[PROBLEM TO WORK ON]: Word for word, restate the lines of the data below between those holding "4017 Santa Ana, Huntington" and "UA TRACK MULE WHITE ROSE RED", inclusive; pictures do not belong in the copy.

[DATA FOR REVIEW]:
▽

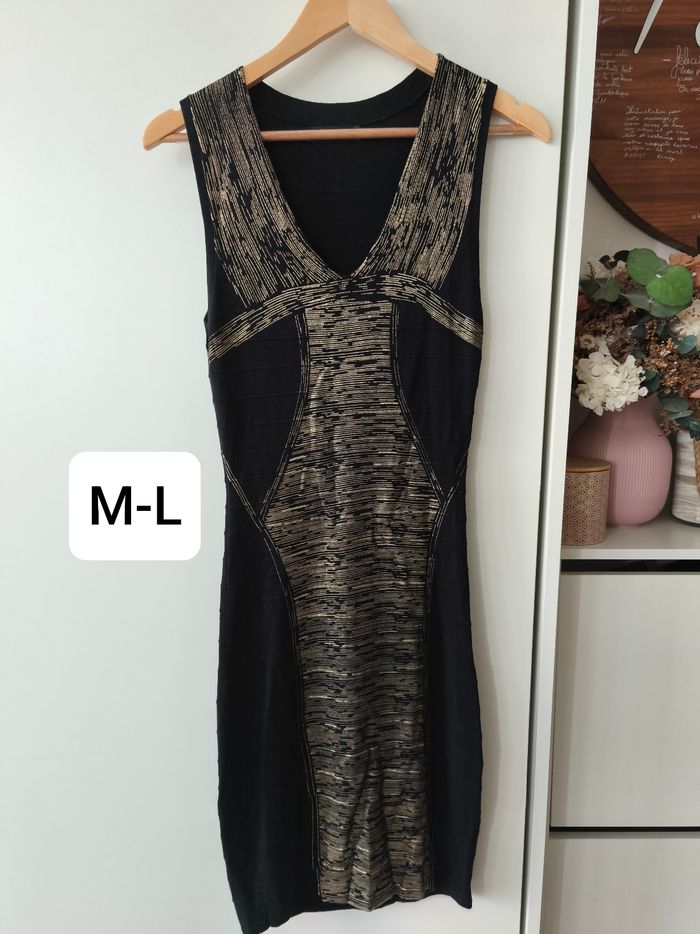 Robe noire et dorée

△
▽

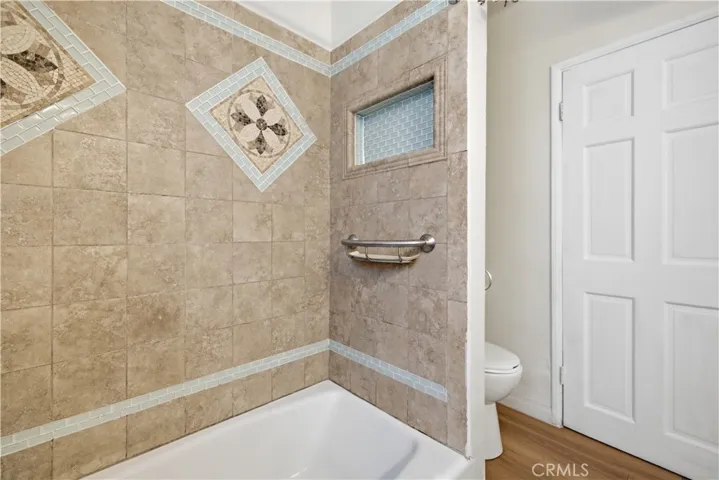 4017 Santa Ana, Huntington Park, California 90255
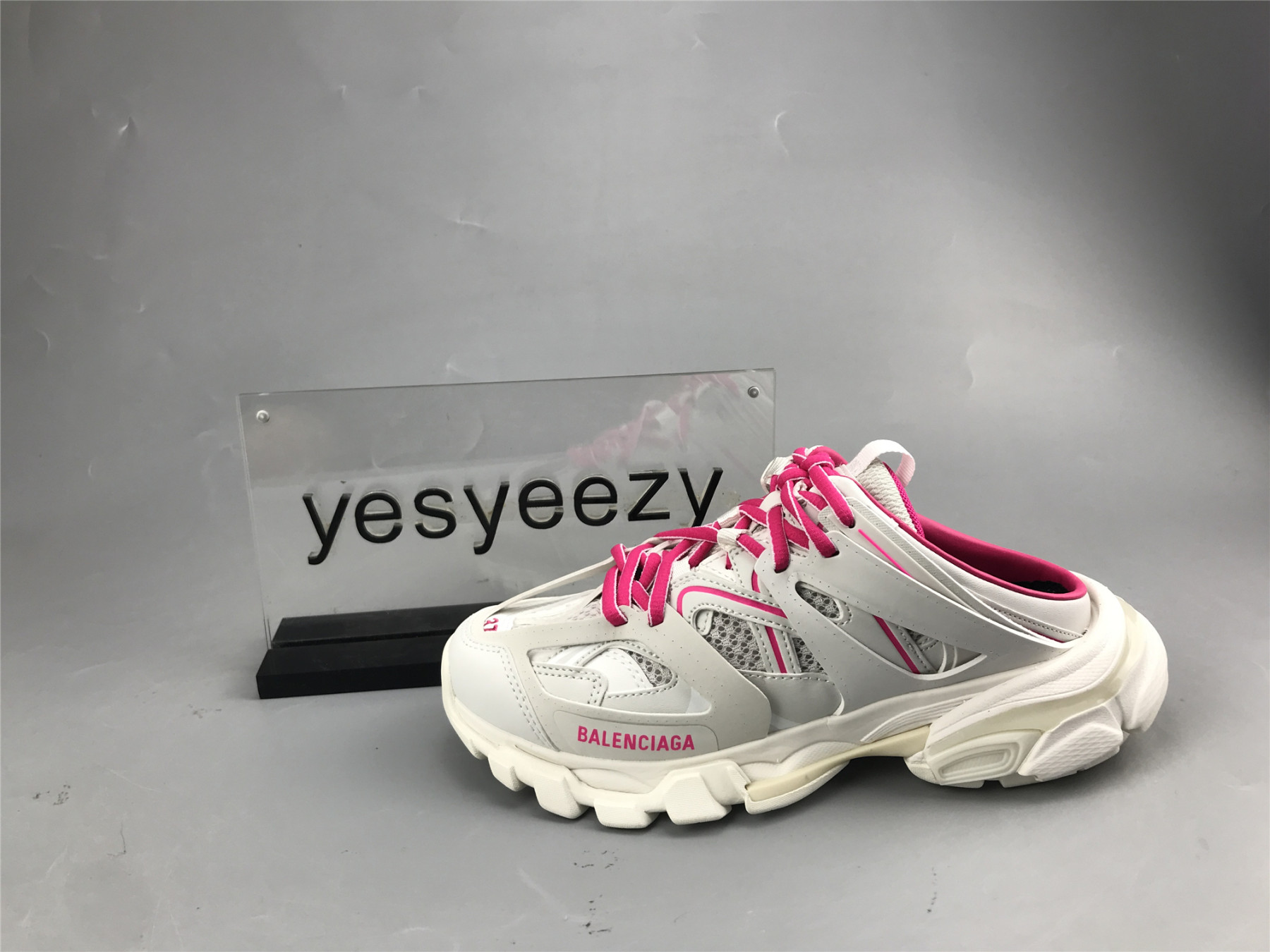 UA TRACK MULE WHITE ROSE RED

△

[TASK OUTPUT]:
 4017 Santa Ana, Huntington Park, California 90255
 UA TRACK MULE WHITE ROSE RED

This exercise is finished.